The play, “Finist, the Brave Falcon,” named after a Russian fairy tale, premiered in 2020 as a production by the “Soso Daughters” theatre company, lead by Berkovich. Centered around a criminal trial for women who marry “members of an Islamic radical sect,” it explores how these couples meet online and ultimately join one another in Syria, without ever meeting in person. According to critics, the play is “a mix of interrogation transcripts and instructions for newly-converted Muslim women on how to wear a hijab or prepare a halal cake,” and “director Zhenya Berkovich and the actresses collaboratively crafted monologues for Maryushkas, which are based on documents, interviews, and personal experience.”

In an interview with jouranlist Katerina Gordeeva, Berkovich said that the play’s initial text contained no monologues: “We began composing and searching for material while conducting interviews. And we found ourselves in their shoes...”

According to playwright Svetlana Petriychuk, during the production process they had to “sift through an enourmous amount of documentary materials, seek out real people and their stories, consult Islamic clergy and even liaise with officers of Russian law enforcement agencies.”
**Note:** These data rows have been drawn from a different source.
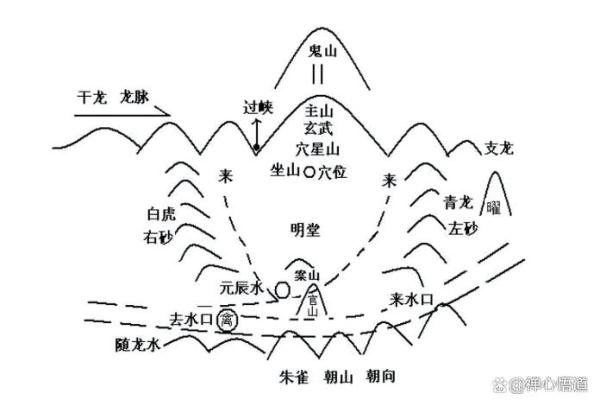 怎样看阴宅风水好与坏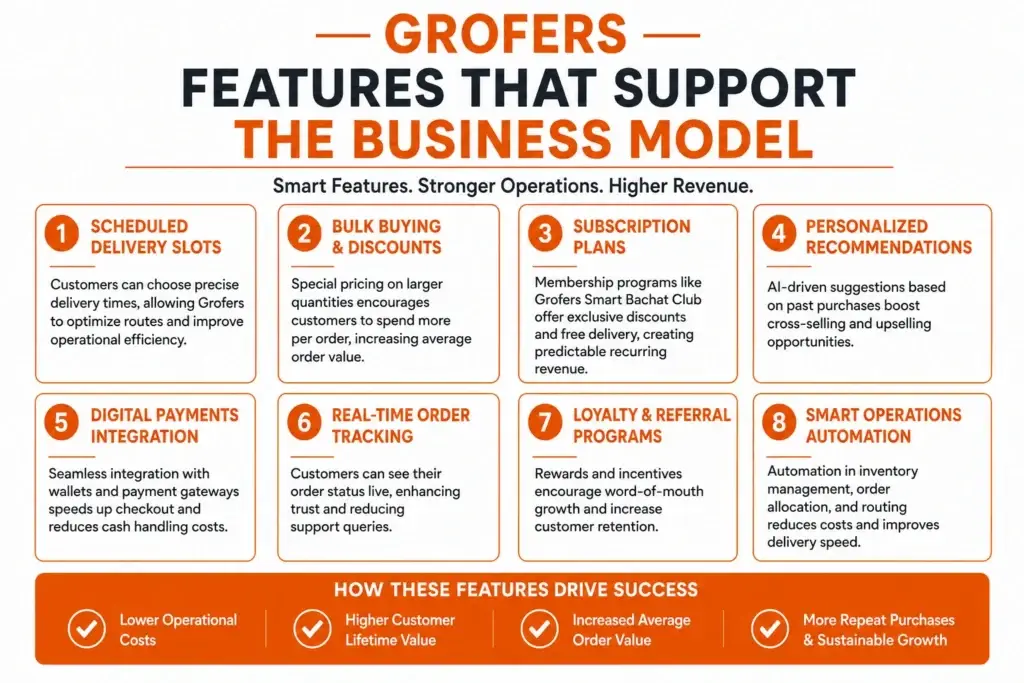 Business Model of Grofers: How India’s Grocery Delivery Giant Makes Money 1 Modern Grofers business model feature image showing a grocery delivery mobile app interface, branded grocery shopping bags, and bold headline text “Business Model of Grofers: How India’s Grocery Delivery Giant Makes Money.” The infographic highlights key revenue streams such as product sales, subscriptions, delivery fees, advertising, private labels, and partnerships using orange-themed corporate visuals.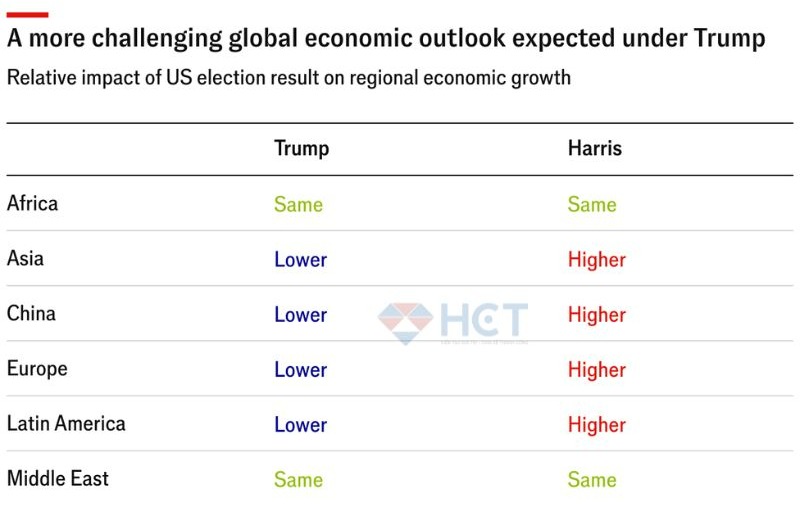 Triển vọng kinh tế toàn cầu sẽ gặp nhiều thách thức hơn nếu Trump thắng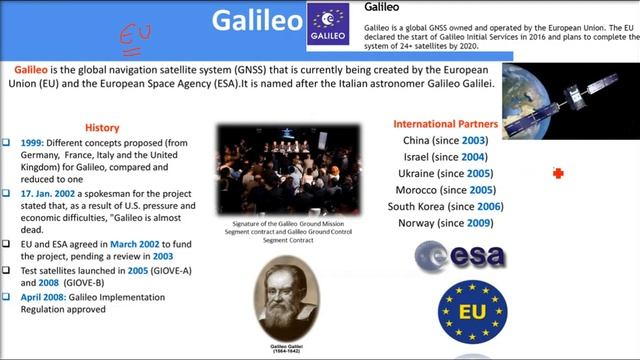 GNSS | Global Navigation Satellite System | GPS| GLONASS| Galileo| BeiDou| IRNSS| NavIC| QZSS смотреть онлайн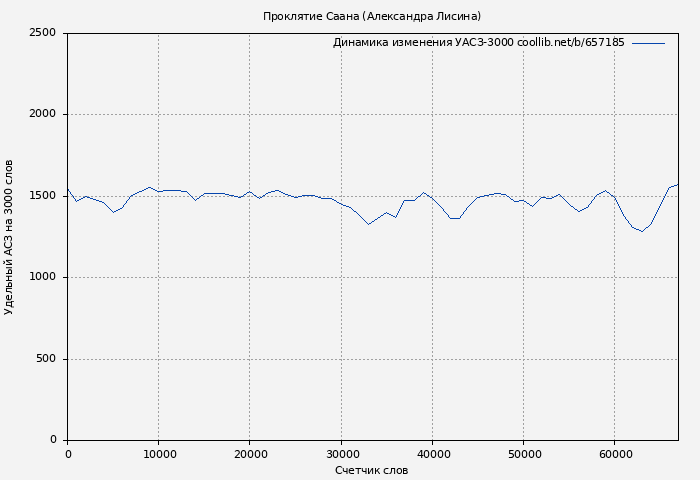 Удельный АСЗ-3000 книги № 657185: Проклятие Саана (Александра Лисина)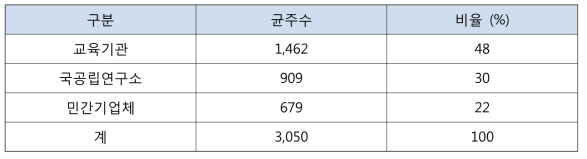 기관별 진균 자원 분양(2015-7)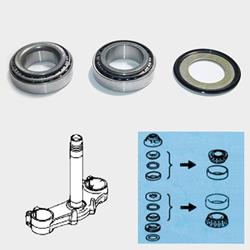 Kegelrollenlagerset SSY904H Kegelrollenlagerset SSY904H
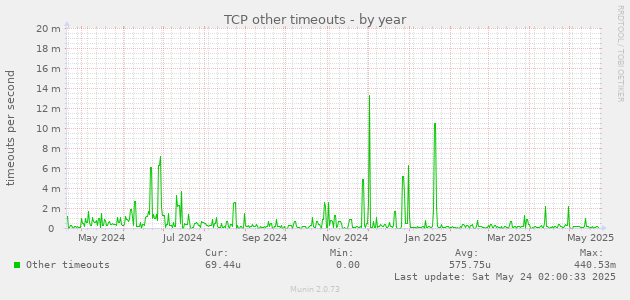 TCP other timeouts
“We went through all of this to understand what could a person, a woman might be missing—to the point that she would gamble her entire life, trust not even a man, but an image on a screen,” Petriychuk said. “And then travel to a far-off land in search for her Finist.”

“Go to prison or take care of grandma”

In 2022, “Finist, the Brave Falcon” won two nominations at the most prestigious theatre awards in Russia, the Golden Mask—Best Play and Best Costumes. Stage and costume designer Ksenia Sokolova donated her award to Sasha Skochilenko, a St. Petersburg artist who has been under arrest since April 2022 for spreading “fake news” about the Russian army by replacing supermarket price tags with death toll in Ukraine.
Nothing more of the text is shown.